Le 14 avril dernier, le Mundaneum accueillait une conférence de Louis de Diesbach, organisée en collaboration avec UCLouvain Culture et le Club de la Presse. Intitulée « Faussaires algorithmiques », du nom de son essai paru le 3 avril, cette rencontre a rassemblé un public venu interroger la place de l’intelligence artificielle dans nos pratiques culturelles, professionnelles et sociétales.

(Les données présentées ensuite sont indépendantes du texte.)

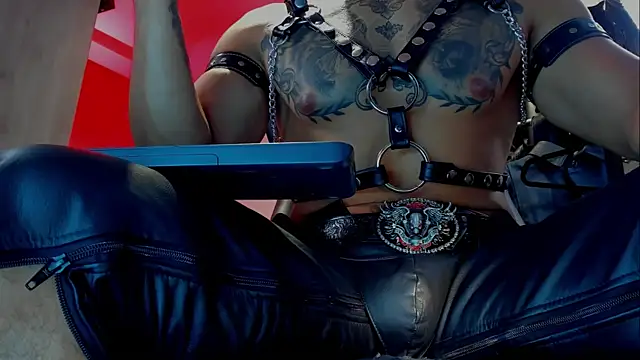 billyMayer  online show from 01/17/25, 02:07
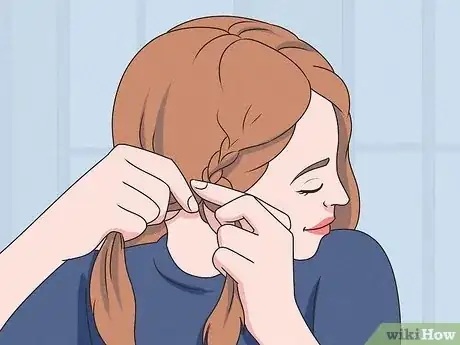 Imagen titulada Do a Hair Wrap Step 2.jpeg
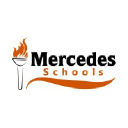 Mercedes High School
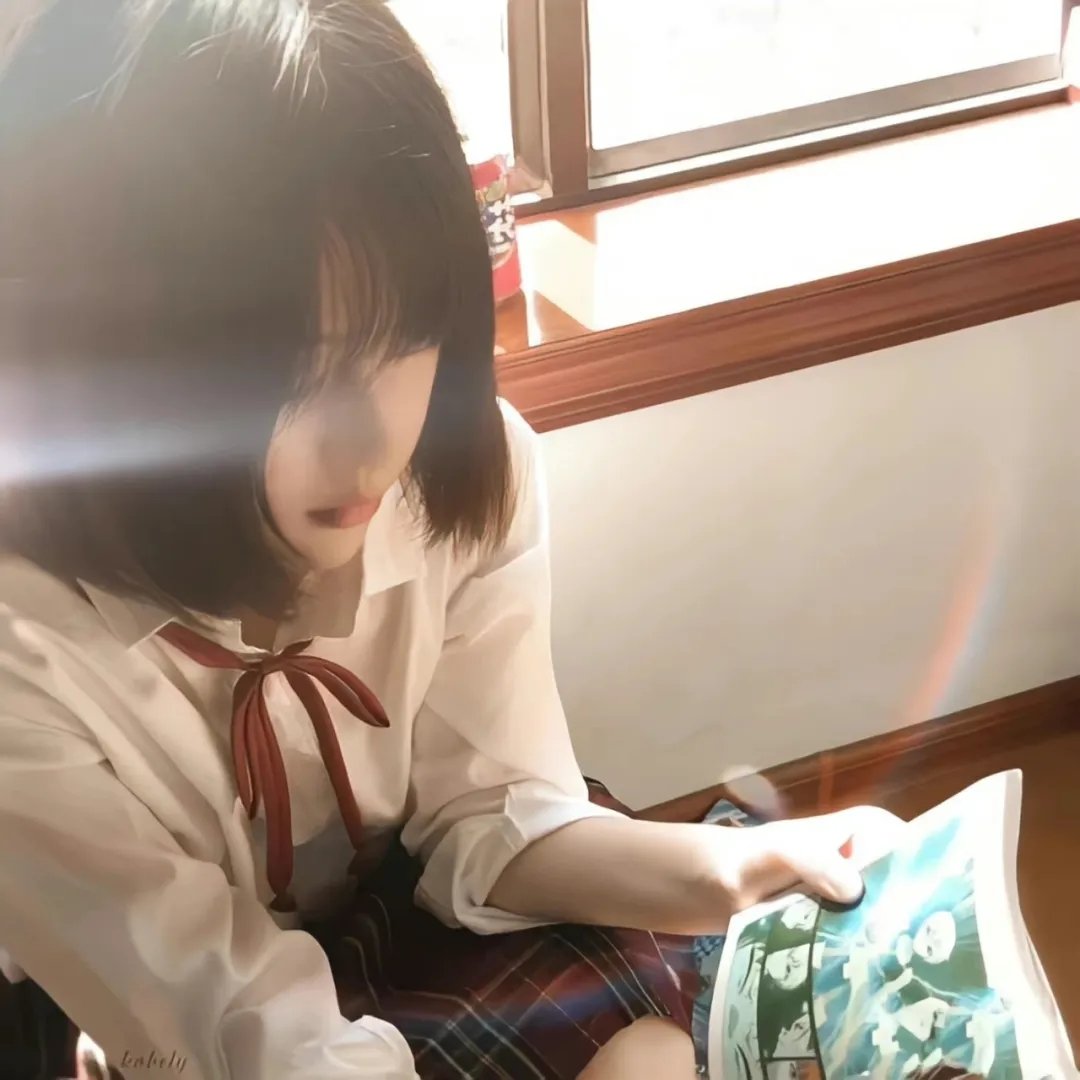 樱野3加1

Au-delà des oppositions simplistes

Dès l’ouverture, Louis de Diesbach invite à dépasser les discours polarisés. L’intelligence artificielle ne peut être réduite à un simple outil « bon » ou « mauvais ». 
Cette nécessité de nuance se retrouve dans les perceptions du monde artistique : une minorité se positionne clairement pour ou contre l’IA, tandis qu’une majorité doute encore. Et ce doute, loin d’être un frein, est présenté comme essentiel.

Repenser la valeur du « moyen » et le sens de la délégation

L’IA se distingue par sa capacité à produire efficacement du contenu standardisé, ce qui interroge directement la place de l’humain. À force d’être exposés à des productions « moyennes », nous risquons de devenir moins sensibles à des formes plus singulières, exigeantes ou créatives. Pourtant, c’est précisément dans ces espaces — là où « être moyen ne suffit pas » — que l’humain conserve toute sa valeur, notamment dans la relation, la créativité et la recherche de sens.

Cela amène une question centrale : pourquoi et que choisissons-nous de déléguer aux machines ? Louis de Diesbach pointe un paradoxe : alors que l’on imaginait automatiser les tâches pour se consacrer à la création, l’IA tend aujourd’hui à créer à notre place… pendant que nous nous chargeons du reste.

Refuser d’être des « faussaires algorithmiques », c’est donc faire des choix conscients dans l’usage de ces technologies.